Brief of Digital Humanities and Law Scholars as Amici Curiae in Authors Guild v. Hathitrust

This Amicus Brief was filed in the United States Court of Appeal for the Second Circuit in the case of Authors Guild v. Hathitrust on June 4, 2013. The case is on Appeal from the United States District Court for the Southern District of New York, No. 11 CV 6351 (Baer, J.)

Download from SSRN.com (http://ssrn.com/abstract=2274832)

a brief summary

Amici are over 100 professors and scholars who teach, write, and research in computer science, the digital humanities, linguistics or law, and two associations that represent Digital Humanities scholars generally.

Mass digitization, especially by libraries, is a key enabler of socially valuable computational and statistical research (often called “data mining” or “text mining”). While the practice of data mining has been used for several decades in traditional scientific disciplines such as astrophysics and in social sciences like economics, it has only recently become technologically and economically feasible within the humanities. This has led to a revolution, dubbed “Digital Humanities,” ranging across subjects like literature and linguistics to history and philosophy. New scholarly endeavors enabled by Digital Humanities advancements are still in their infancy but have enormous potential to contribute to our collective understanding of the cultural, political, and economic relationships among various collections (or corpora) of works—including copyrighted works—and with society.

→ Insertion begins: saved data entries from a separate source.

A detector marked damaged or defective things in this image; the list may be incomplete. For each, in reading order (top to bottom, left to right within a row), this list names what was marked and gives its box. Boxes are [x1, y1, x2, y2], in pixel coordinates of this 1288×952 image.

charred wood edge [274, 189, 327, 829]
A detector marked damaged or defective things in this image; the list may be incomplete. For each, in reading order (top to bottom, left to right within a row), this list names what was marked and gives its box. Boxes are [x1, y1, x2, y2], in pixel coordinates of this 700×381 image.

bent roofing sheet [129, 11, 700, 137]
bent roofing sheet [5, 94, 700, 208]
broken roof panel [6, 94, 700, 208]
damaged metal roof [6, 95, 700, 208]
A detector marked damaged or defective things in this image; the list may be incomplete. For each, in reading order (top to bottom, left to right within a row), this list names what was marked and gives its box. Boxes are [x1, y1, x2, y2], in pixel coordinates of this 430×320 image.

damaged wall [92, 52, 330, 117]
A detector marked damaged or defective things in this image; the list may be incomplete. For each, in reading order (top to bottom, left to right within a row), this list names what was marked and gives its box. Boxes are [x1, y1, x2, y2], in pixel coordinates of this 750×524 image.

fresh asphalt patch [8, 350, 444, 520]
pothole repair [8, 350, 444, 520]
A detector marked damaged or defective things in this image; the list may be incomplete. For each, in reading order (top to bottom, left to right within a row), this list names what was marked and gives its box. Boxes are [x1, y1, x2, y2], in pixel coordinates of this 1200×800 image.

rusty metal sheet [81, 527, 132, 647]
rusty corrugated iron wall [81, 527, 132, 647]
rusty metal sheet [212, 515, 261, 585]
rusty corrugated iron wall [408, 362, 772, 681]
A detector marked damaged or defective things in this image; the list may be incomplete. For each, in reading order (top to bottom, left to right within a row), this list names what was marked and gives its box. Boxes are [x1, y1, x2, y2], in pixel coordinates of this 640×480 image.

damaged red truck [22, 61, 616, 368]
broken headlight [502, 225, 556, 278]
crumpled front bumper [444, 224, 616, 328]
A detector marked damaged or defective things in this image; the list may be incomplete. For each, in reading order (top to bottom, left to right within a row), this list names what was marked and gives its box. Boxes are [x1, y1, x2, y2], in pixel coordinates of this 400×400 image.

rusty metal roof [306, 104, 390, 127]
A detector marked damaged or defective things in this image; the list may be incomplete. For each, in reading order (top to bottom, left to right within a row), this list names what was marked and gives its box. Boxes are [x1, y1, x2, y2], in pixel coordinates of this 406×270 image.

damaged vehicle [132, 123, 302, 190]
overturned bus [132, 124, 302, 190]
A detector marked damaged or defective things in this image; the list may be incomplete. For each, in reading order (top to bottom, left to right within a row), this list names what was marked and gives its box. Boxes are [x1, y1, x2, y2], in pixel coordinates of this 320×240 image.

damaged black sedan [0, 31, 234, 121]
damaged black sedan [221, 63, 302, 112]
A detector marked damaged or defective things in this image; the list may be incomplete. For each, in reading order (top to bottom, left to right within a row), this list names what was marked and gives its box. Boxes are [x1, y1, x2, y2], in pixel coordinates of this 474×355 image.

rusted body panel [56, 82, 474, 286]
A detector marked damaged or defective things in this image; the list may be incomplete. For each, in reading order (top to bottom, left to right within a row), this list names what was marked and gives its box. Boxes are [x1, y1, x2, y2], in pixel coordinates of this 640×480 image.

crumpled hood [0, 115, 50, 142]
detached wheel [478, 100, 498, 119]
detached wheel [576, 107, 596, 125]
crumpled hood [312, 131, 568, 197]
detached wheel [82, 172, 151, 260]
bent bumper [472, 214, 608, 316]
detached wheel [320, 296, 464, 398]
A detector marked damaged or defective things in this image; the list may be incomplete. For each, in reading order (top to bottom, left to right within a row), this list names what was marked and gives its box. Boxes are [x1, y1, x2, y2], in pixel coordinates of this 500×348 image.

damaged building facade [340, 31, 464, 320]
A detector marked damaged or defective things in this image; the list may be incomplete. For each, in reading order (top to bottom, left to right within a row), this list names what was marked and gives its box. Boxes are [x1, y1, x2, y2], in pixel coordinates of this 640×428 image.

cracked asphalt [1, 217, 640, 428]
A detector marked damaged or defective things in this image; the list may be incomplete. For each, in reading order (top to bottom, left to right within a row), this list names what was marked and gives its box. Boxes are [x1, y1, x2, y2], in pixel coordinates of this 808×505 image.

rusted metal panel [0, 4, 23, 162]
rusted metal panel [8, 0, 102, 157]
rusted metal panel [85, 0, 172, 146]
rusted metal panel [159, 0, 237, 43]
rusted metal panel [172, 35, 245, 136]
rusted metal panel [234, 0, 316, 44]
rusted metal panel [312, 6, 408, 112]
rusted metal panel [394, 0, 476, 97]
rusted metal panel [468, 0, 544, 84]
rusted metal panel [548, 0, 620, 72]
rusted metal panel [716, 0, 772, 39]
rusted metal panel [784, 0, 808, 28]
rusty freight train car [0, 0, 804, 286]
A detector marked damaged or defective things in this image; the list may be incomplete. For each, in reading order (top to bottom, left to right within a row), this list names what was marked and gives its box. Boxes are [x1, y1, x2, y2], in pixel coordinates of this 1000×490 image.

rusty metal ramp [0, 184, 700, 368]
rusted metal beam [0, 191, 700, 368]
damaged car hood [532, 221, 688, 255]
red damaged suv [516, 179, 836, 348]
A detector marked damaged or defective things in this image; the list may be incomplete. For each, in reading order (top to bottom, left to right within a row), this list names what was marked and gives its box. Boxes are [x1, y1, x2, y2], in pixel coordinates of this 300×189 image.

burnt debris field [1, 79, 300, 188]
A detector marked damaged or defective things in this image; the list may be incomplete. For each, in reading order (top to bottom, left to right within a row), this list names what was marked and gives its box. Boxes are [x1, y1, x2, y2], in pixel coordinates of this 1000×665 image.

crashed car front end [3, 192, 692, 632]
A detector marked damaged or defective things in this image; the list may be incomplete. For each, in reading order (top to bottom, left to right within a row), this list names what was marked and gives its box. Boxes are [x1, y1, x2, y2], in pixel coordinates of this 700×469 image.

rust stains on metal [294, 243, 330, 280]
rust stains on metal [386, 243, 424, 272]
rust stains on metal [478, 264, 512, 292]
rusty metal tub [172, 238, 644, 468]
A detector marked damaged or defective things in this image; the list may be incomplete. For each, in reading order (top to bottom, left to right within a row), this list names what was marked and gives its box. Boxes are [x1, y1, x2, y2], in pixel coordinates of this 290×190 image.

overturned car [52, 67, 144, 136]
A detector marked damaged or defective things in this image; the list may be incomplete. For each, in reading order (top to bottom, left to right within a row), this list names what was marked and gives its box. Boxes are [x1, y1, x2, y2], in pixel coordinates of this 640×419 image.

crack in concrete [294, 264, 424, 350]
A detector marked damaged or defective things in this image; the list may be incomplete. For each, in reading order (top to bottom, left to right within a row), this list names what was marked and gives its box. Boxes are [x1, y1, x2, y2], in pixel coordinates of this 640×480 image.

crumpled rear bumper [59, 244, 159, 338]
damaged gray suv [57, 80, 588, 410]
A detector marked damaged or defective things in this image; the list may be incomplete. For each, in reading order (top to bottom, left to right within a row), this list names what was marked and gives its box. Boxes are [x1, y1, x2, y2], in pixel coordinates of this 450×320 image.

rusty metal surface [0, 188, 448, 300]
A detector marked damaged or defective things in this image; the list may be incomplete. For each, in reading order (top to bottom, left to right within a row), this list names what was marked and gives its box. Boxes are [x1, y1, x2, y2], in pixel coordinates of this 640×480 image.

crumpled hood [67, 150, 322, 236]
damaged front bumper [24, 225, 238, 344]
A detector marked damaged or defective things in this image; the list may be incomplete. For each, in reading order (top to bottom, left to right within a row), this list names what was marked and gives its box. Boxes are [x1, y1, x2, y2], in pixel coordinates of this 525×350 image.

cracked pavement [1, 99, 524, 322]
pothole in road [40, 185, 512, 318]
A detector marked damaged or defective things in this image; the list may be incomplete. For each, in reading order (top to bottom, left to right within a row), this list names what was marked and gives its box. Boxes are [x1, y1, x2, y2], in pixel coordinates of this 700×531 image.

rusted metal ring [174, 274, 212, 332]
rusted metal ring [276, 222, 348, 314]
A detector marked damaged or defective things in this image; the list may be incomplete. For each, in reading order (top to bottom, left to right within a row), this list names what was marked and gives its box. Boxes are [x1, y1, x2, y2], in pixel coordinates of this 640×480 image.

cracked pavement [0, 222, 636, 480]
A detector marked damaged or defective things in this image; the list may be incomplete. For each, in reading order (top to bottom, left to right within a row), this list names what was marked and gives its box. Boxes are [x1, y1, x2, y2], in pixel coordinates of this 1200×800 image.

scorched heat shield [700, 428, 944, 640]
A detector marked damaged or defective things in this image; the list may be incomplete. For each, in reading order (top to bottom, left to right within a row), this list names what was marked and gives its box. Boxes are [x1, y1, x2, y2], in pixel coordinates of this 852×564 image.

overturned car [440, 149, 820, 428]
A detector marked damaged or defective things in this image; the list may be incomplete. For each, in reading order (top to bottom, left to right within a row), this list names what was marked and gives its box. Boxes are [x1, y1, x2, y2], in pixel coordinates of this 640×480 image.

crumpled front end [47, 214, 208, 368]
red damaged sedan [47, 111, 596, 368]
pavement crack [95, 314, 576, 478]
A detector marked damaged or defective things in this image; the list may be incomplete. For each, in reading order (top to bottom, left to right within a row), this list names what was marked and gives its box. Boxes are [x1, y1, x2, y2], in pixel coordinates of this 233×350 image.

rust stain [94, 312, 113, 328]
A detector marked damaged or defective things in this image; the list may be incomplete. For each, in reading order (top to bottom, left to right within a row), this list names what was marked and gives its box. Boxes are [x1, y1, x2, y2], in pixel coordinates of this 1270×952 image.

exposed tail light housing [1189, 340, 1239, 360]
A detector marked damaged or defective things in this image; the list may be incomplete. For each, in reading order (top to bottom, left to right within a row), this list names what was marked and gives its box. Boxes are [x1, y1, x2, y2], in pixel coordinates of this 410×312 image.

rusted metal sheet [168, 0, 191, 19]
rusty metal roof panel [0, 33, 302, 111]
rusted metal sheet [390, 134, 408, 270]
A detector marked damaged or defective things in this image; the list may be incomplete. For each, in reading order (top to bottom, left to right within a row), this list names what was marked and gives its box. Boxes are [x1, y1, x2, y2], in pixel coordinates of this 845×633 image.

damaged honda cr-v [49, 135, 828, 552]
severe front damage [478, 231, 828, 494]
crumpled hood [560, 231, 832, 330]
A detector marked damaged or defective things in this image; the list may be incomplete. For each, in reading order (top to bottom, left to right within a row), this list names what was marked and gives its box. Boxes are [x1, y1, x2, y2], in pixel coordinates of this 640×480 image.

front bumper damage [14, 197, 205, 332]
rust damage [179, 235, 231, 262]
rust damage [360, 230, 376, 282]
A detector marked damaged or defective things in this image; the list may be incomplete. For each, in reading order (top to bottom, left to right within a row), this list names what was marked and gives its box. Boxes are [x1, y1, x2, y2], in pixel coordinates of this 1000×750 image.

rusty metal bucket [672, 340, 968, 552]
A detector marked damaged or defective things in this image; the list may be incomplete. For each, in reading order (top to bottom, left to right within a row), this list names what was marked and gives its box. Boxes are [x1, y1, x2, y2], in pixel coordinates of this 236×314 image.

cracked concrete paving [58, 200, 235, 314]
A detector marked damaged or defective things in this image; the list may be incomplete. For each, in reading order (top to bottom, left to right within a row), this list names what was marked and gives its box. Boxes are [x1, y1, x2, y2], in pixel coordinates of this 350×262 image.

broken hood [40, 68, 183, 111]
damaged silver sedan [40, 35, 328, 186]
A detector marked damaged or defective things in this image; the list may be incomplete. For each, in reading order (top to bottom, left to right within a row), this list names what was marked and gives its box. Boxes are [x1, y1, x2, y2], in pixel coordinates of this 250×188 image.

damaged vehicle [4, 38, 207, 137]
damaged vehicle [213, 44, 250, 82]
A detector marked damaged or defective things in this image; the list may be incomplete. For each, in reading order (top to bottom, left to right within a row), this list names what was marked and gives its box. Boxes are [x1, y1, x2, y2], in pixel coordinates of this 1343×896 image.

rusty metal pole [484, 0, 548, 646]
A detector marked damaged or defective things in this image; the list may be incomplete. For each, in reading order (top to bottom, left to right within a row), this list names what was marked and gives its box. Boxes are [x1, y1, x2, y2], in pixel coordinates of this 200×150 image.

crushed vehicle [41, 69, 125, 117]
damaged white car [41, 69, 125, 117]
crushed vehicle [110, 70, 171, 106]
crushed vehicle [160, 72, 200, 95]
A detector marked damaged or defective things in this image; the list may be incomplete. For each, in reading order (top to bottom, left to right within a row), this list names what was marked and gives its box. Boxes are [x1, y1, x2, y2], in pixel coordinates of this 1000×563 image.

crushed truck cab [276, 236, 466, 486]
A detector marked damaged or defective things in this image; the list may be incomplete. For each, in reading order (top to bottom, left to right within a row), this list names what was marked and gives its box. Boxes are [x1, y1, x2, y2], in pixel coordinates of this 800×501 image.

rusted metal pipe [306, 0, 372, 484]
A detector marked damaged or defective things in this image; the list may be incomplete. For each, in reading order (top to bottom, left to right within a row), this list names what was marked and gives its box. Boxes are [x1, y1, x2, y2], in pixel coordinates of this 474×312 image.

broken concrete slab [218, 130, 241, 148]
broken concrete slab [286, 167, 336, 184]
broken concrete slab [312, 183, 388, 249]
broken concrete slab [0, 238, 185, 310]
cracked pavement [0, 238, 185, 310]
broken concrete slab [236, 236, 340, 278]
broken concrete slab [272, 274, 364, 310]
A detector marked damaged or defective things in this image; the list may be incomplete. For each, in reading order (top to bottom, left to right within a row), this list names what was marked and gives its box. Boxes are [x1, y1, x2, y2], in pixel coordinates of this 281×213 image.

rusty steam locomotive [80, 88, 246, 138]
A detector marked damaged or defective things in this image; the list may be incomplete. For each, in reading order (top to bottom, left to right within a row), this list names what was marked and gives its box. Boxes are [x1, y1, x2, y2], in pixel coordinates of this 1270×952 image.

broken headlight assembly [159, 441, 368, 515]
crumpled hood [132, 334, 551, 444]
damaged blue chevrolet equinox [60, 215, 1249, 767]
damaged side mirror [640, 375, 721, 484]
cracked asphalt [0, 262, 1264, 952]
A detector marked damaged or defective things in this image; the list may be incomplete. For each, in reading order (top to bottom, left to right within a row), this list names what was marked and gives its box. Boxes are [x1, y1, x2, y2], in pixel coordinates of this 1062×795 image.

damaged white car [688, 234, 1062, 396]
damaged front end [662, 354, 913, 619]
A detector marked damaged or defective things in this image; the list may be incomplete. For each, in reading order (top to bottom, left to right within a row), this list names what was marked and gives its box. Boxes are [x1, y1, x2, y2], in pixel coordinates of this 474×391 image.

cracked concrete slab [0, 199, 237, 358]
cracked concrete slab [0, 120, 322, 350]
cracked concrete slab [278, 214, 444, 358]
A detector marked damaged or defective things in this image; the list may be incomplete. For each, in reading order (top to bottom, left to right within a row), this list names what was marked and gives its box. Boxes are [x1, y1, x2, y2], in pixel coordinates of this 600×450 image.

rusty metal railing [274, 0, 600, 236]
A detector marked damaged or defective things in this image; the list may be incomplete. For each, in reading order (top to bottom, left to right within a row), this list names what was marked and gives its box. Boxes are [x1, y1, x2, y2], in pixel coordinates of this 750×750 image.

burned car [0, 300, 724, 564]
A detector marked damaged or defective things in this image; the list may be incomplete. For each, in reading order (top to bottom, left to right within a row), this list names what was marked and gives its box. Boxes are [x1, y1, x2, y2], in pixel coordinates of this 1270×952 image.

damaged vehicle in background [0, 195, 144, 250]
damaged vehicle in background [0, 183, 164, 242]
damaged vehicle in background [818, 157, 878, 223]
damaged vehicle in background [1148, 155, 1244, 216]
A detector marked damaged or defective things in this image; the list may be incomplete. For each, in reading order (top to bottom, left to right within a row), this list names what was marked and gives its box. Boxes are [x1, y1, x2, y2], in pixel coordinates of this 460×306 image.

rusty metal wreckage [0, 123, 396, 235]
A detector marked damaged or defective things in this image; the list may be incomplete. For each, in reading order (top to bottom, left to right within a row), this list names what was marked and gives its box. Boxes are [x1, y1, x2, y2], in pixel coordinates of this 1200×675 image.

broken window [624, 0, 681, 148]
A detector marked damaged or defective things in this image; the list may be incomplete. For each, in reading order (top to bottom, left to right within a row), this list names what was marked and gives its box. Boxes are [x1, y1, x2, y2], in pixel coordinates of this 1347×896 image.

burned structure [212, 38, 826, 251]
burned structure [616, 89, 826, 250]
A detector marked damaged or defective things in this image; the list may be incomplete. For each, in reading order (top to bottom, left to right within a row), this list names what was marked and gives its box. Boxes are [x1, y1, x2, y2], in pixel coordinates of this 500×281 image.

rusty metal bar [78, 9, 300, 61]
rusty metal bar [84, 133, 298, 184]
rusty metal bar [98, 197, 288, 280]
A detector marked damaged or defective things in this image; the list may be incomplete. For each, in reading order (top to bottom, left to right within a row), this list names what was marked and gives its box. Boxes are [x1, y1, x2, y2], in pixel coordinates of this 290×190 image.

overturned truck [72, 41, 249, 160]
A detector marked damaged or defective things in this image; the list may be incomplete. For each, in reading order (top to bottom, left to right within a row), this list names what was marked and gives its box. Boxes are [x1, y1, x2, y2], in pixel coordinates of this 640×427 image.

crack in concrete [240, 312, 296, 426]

The Court’s ruling in this case on the legality of mass digitization could dramatically affect the future of work in the Digital Humanities. The Amici argue that the Court should affirm the decision of the district court below that library digitization for the purpose of text mining and similar non-expressive uses present no legally cognizable conflict with the statutory rights or interests of the copyright holders. Where, as here, the output of a database—i.e., the data it produces and displays—is noninfringing, this Court should find that the creation and operation of the database itself is likewise noninfringing. The copying required to convert paper library books into a searchable digital database is properly considered a “non-expressive use” because the works are copied for reasons unrelated to their protectable expressive qualities — the copies are intermediate and, as far as is relevant here, unread.

The mass digitization of books for text-mining purposes is a form of incidental or “intermediate” copying that enables ultimately non-expressive, non-infringing, and socially beneficial uses without unduly treading on any expressive—i.e., legally cognizable—uses of the works. The Court should find such copying to be fair use.